JAKARTA - PT Barata Indonesia (Persero) terbebani utang masa lalu, meski sudah merampungkan restrukturisasi melalui Penundaan Kewajiban Pembayaran Utang (PKPU).
Danareksa melalui PT Perusahaan Pengelolaan Aset (PPA) sudah membawa Barata Indonesia ke PKPU, namun pasca proses hukum tersebut perusahaan tidak mengalami turnaround alias masih terperangkap di dalam kondisi berat dan susah ke luar dari kesulitan keuangan, lantaran kewajiban masa lalu.
“Jadi Barata itu kami kerjakan PKPU selesai. Cuman setelah PKPU sampai sekarang perusahaannya nggak bisa turnaround-turnaround," ujar Direktur Utama PT Danareksa (Persero), Yadi Jaya Ruchandi, saat rapat dengar pendapat (RDP) bersama Panja Komisi VI DPR RI, Senin (24/6/2024).

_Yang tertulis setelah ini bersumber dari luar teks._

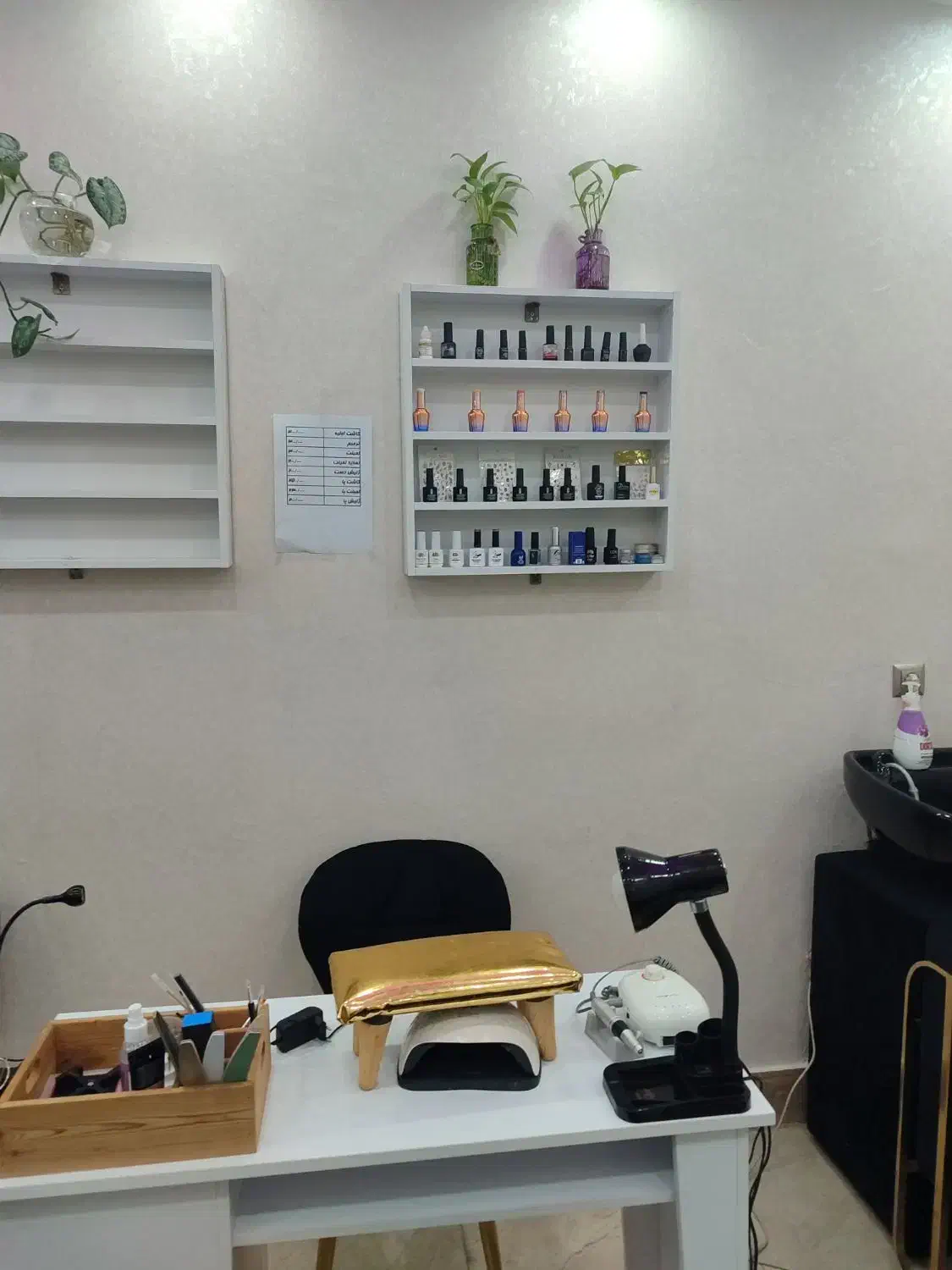 کاشت ناخن حرفه ای|خدمات آرایشگری و زیبایی|رشت, معلولین|دیوار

Menurutnya, beban utang membuat bisnis BUMN di sektor manufaktur ini sulit bangkit dan bergeliat, kendati sudah ada pergantian manajemen.
"Setelah PKPU banyak saja lagi tambahan utang yang lalu. Ini bukan yang baru tapi yang lalu. Bahkan sampai kita lakukan penggantian manajemen di sana. Kita ubah Barata itu akan jadi minimum operation," paparnya.
Di lain sisi, Yadi membeberkan baru empat BUMN yang berpeluang ‘sehat’. Jumlah perseroan ‘sakit-sakitan’ yang direstrukturisasi PPA ada 14 dan satu anak usaha.
Penyehatan 15 perusahaan ini berdasarkan surat kuasa khusus (SKK) dari Menteri BUMN Erick Thohir yang diterbitkan sejak 30 September 2020 lalu. Saat itu, ada 21 perseroan negara dan satu anak usaha yang dititip kelola kepada PPA.